Lightfoot was one of the most successful recording artistes of the 1970s. “Lightfoot’s is the voice of the romantic. For him perfection is always in view and always slipping from his grasp,” American journalist Geoffrey Stokes wrote in 1974.
A throwback to five of his biggest hits:
For lovin’ me (1966): It’s pushed along by his stout acoustic guitar strumming and David Rea’s sleek fingerpicking accents, which reinforce the lyrics’ hauteur. ‘Everything you have is gone’, Lightfoot tells the woman he’s leaving. ‘That’s what you get for lovin’ me’, he continues. Her broken heart will eventually mend, he suggests as he sings ‘I just might pass this way again’. He later felt embarrassment about the song, and said, “I didn’t know what chauvinism was.”
Black day in July (1968): The controversial track describes the July 1967 uprisings in Detroit in the US when Black residents protested police abuse. The song is full of irony, scorn and bafflement (‘The soul of Motor City is feared across the land’) and most radio stations refused to play it.
If you could read my mind (1970): Lightfoot’s commercial breakthrough is also his masterpiece. The lyrics, inspired by his impending divorce, range from poetic to stark, until he reaches the stoic summary: ‘Stories always end’. The melody inspired Duran Duran’s ‘Save a Prayer’, and the song has been covered by a who’s who of singers, including Barbra Streisand, Johnny Cash and Neil Young — and, almost, by Frank Sinatra, who tried to record it but gave up, declaring it “too long”.
Rainy day people (1975): The chords and lyrics call to mind Jimmy Webb, as Lightfoot, with his usual precise elocution, celebrates the way loyal friendships give succour to “high-stepping strutters who land in the gutters.”

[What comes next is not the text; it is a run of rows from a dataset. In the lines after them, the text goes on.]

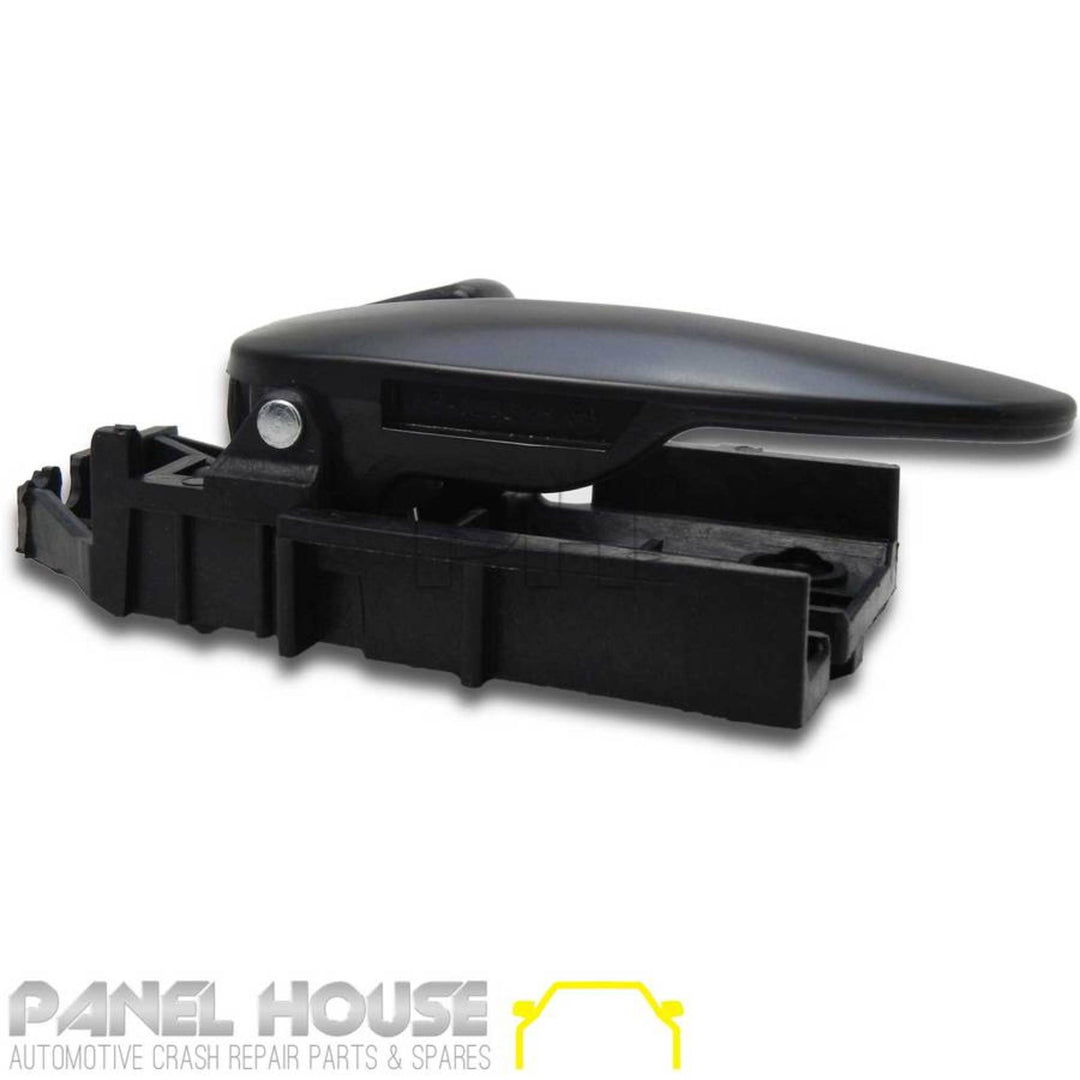 Interior Door Handle LEFT Front Fits Hyundai Elantra 2000 - 2006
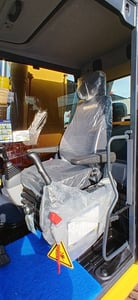 ไมล์  900 ช.ม❗️KOMATSU  PC200-10MO  PM7000 ช.ม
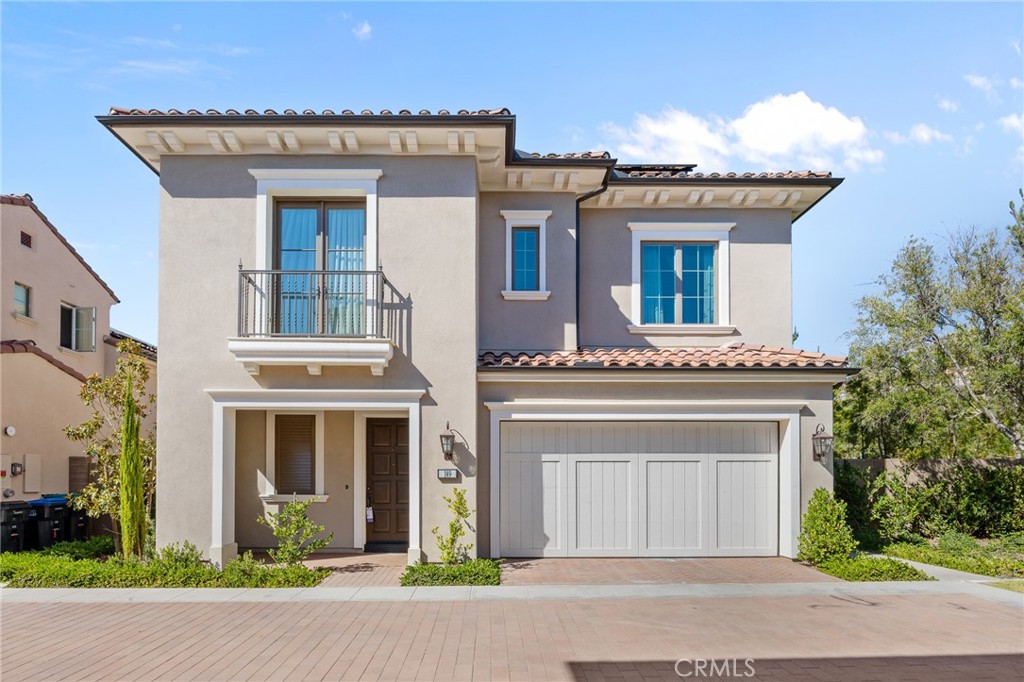 149 Winnett, Irvine CA 92602 - photo 2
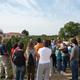 Itinerari+guiat+entre+vinyes+a+Sant+Pau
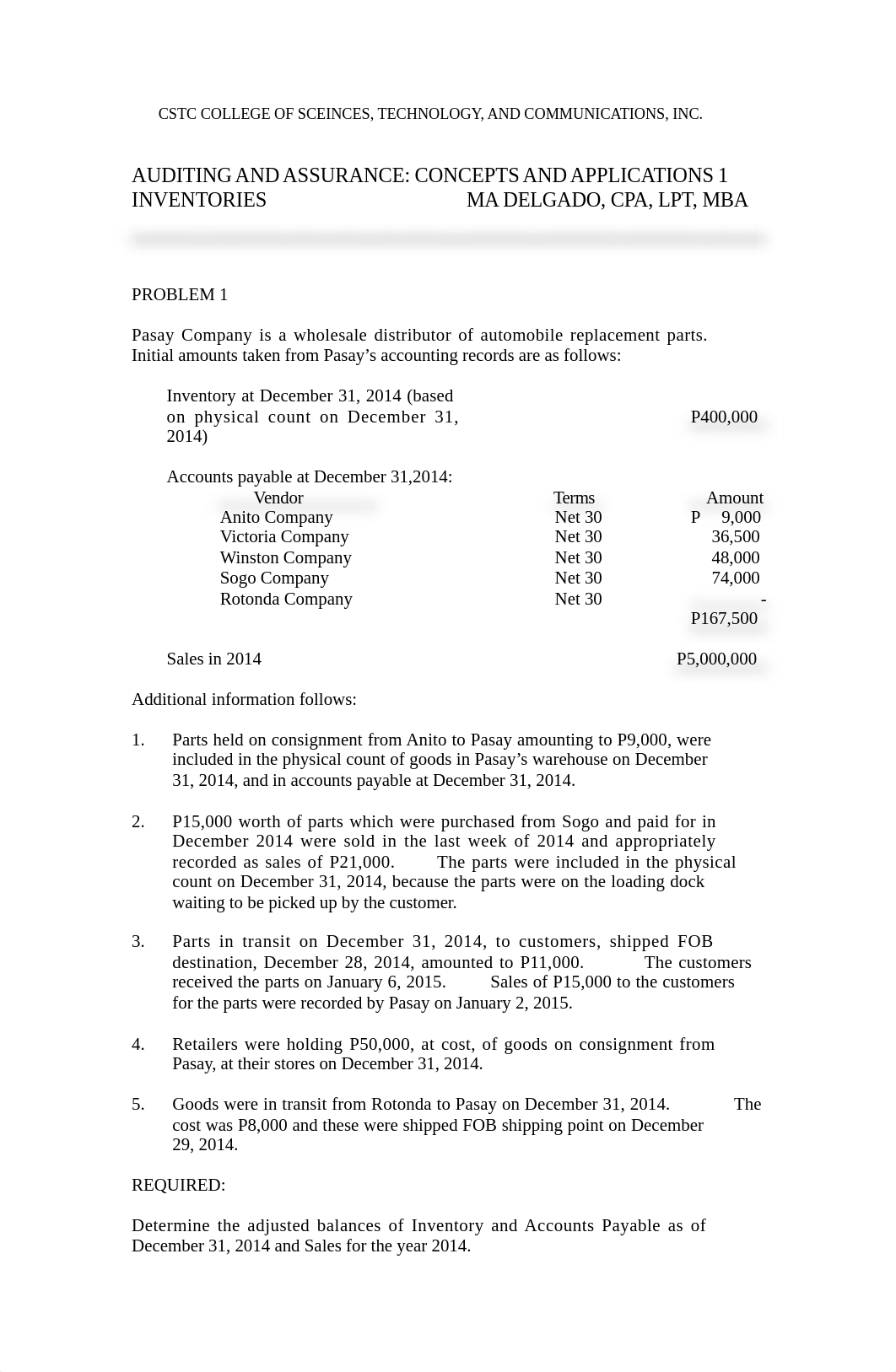 Substantive-Audit-of-Inventories-CHAPTER-12-13.doc_dso1lc0ac6e_page1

The wreck of the Edmund Fitzgerald (1976): His best-known song is one of the most unlikely pop hits: a six-and-a-half minute folk ballad about a freighter that sank in Lake Superior in north America a year earlier, killing 29 crew members. Rock band NRBQ sometimes played a slow, out-of-tune cover of the song, and if the audience didn’t like it, it would play it a second time as well.